Work item:
Please write out the full listing beneath this line exactly, skipping its images.
*** Opening Input ***
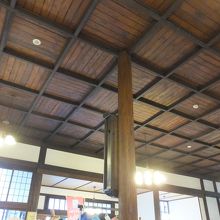 天井もクラシカル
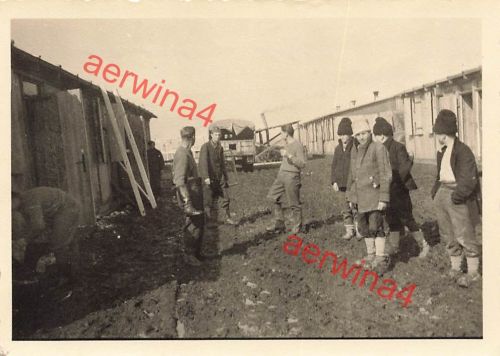 Rumänischer Dorfjugend mit deutschen Soldaten Lehrgeschwader 1 in Rumänien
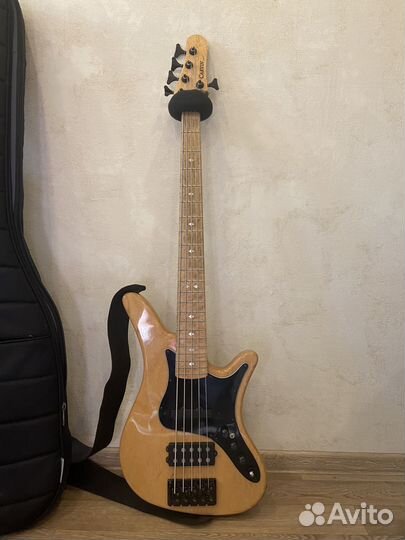 Бас-гитара Carvin SB5000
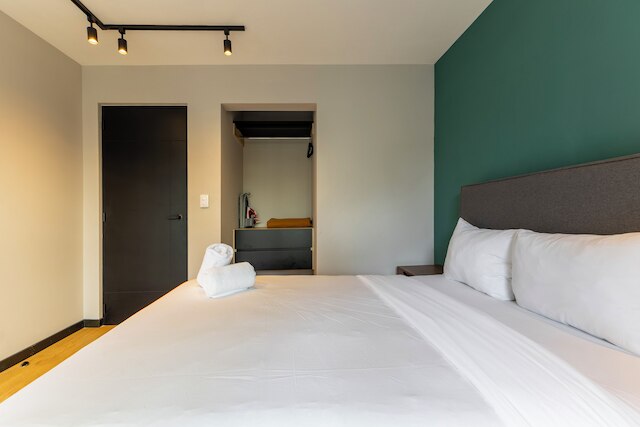 カピタリア コンデサ エスカンドン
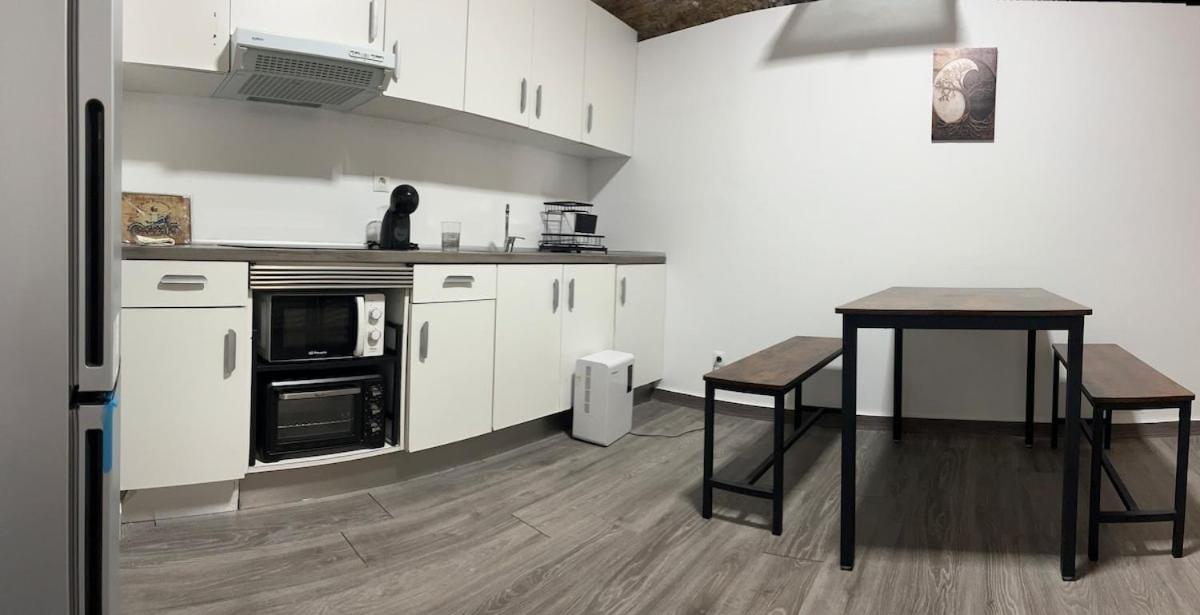 Standard Single Room with Shared Bathroom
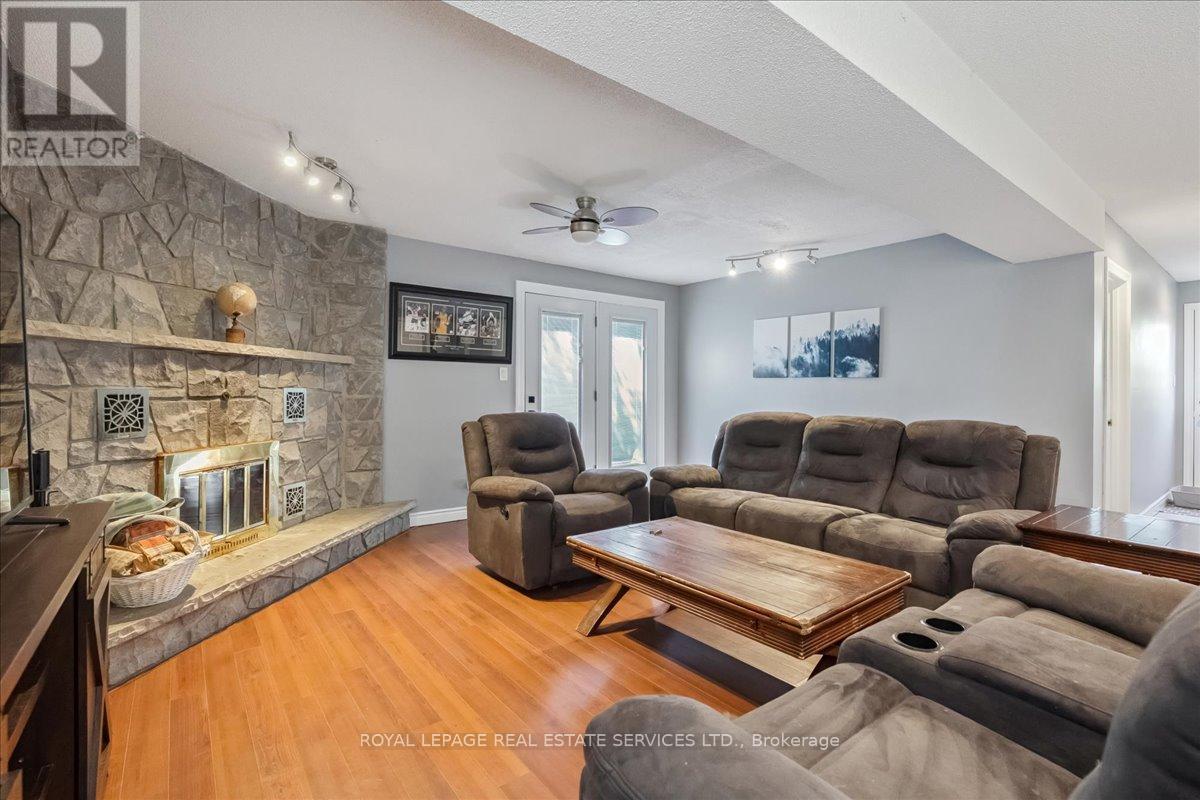 












6 GRANDVIEW AVENUE

,
Hamilton,




Ontario
L8E5A5

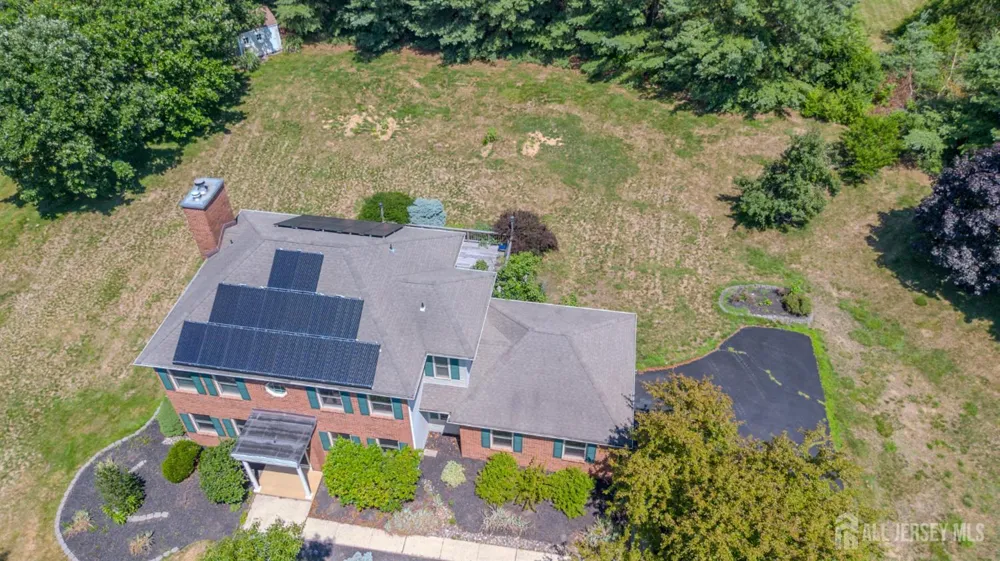 32 W Kincaid Drive West Windsor, NJ 08550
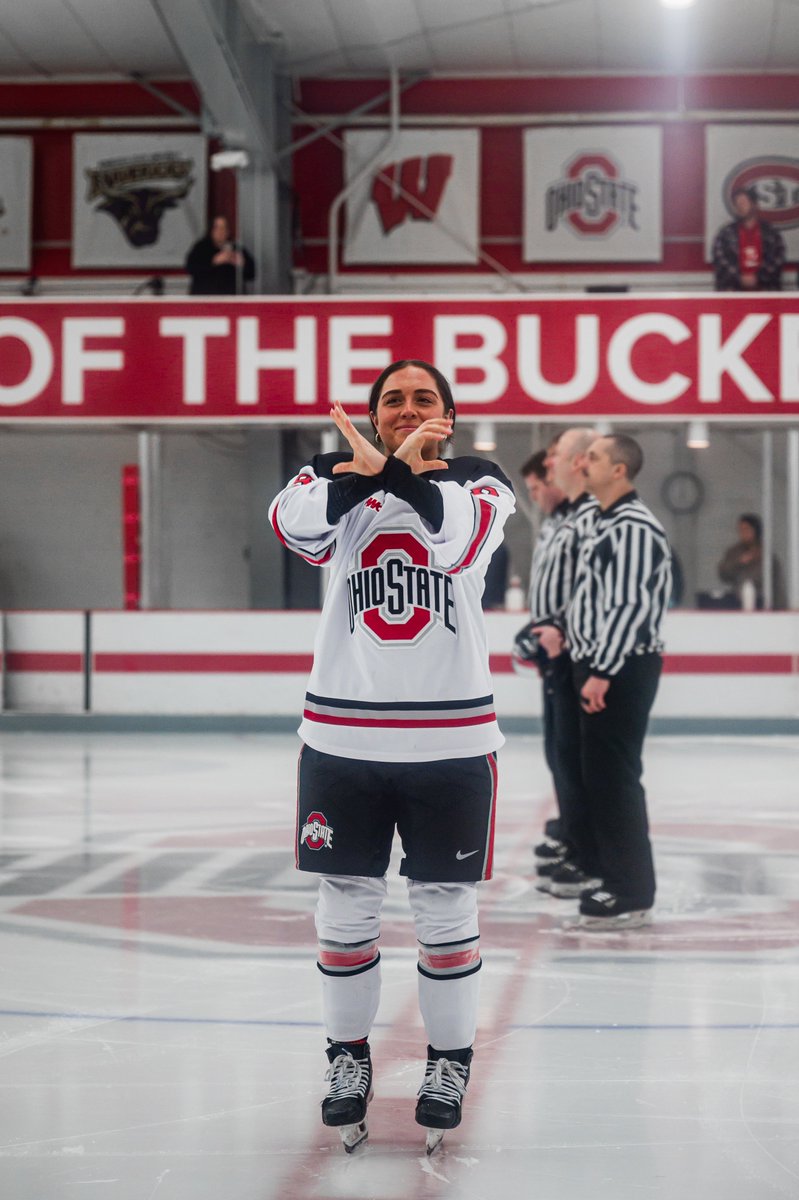Awesome way to start senior weekend with <a href="/jennabuglioni/">Jenna Buglioni</a> &amp; <a href="/makweb8/">Makenna Webster</a> performing the anthem today!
*** Closing Input ***
Response to the task:
 天井もクラシカル
 Rumänischer Dorfjugend mit deutschen Soldaten Lehrgeschwader 1 in Rumänien
 Бас-гитара Carvin SB5000
 カピタリア コンデサ エスカンドン
 Standard Single Room with Shared Bathroom












6 GRANDVIEW AVENUE

,
Hamilton,




Ontario
L8E5A5

 32 W Kincaid Drive West Windsor, NJ 08550
Awesome way to start senior weekend with <a href="/jennabuglioni/">Jenna Buglioni</a> &amp; <a href="/makweb8/">Makenna Webster</a> performing the anthem today!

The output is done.